Israel, and particularly the Eilat surroundings, has ranked high among foreign destinations for European birders for many years. Sometimes described as the ‘jewel in the crown’ of Israeli birding, Eilat is a fine and logical place to begin any desert birding tour.
Extraordinary concentrations of migratory birds use the area, making Eilat one of the busiest migration areas in the world. While the largest bird movements occur in spring (March–May) many interesting species occur in autumn. In addition to migrants, Eilat offers a rich and varied local avifauna, comprised of desert species, tropical species typical of the Rift Valley, Mediterranean and Red Seas.

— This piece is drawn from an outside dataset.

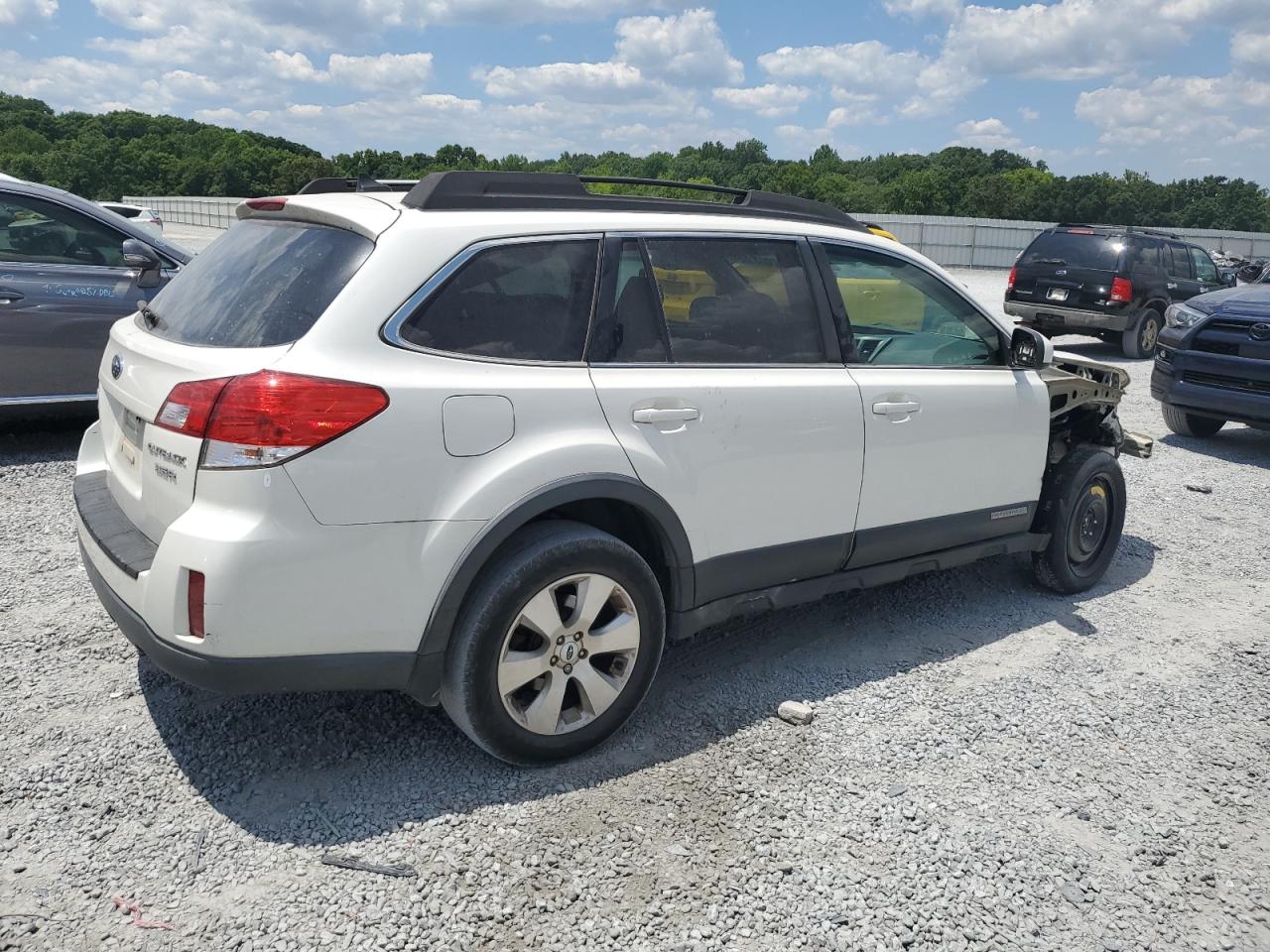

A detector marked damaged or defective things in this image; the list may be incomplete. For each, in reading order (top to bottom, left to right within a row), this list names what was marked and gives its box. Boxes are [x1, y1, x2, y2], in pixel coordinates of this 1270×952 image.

damaged front end [1040, 353, 1159, 464]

Finally, Eilat has a proven record for attracting vagrant and accidental species, with new species for the country and the Western Palearctic recorded Every now and then.

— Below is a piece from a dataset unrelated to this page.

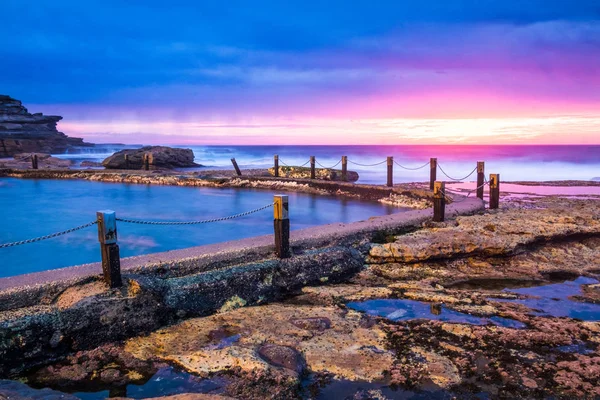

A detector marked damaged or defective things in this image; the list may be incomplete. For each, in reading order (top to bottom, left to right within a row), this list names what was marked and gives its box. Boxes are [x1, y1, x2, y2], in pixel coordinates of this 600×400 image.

The International Birding & Research Centre in Eilat has been operating a Bird Ringing Station for the last 25 years which has contributed greatly in monitoring and understanding bird migration along the Eastern Flyway while utilizing hands on approach to train and educate many bird ringers and visitors
who come to volunteer at the park.
Job Description - Passerines Ringer vacancy at the IBRCE
- The ringing period is August 20 to 30 November. Minimal staying period is six weeks.

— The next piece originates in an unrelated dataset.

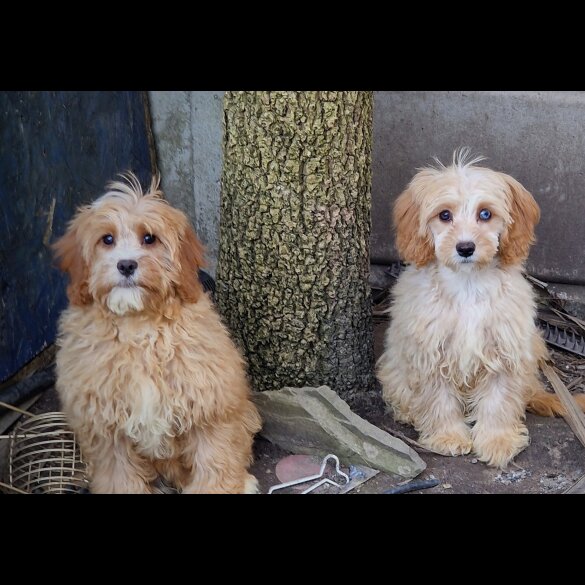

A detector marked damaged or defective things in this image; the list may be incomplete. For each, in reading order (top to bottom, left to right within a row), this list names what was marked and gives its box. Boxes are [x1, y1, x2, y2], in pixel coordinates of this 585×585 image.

bent wire loop [266, 452, 350, 492]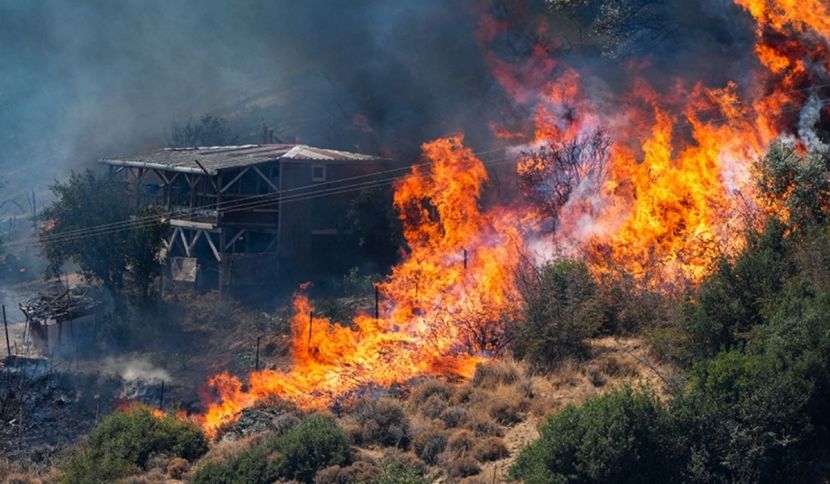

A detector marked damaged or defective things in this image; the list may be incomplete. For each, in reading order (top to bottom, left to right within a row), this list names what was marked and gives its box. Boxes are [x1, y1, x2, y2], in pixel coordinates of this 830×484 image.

- During the staying the volunteers are expected to take part in all ringing duties: 7 mornings a week and afternoon ringing if occurs (afternoon ringing happen up to 3 times a week and according to migration).
- In addition, ringers are asked to take part in tasks of the maintenance of the station's equipment and ringing site, entry of data on a daily basis to the computer and in accommodation general duties - cleaning of own room, cooking evenly with and for all etc.
- Monitoring - In the afternoons the team will be asked to take part in birding monitoring activities in Southern Arava and Eilat area.
- Some assistance with updating our Blog might be asked- from writing text to putting some of your photographs (with full credit). All volunteers might appear in the Blog, with names or pictures, during their voluntary period.
"Typical" day schedule*
- 05:30 nets opening and breakfast before first round.
- Ringing days typically start at 05:30 a.m. and end around 11 a.m, affected by weather and migration, 7 days a week. During ringing days checking of nets+ Helgoland traps will be done according to "Eilat Ringing Manual" as a guideline and guiding of groups will take place (not by the volunteers).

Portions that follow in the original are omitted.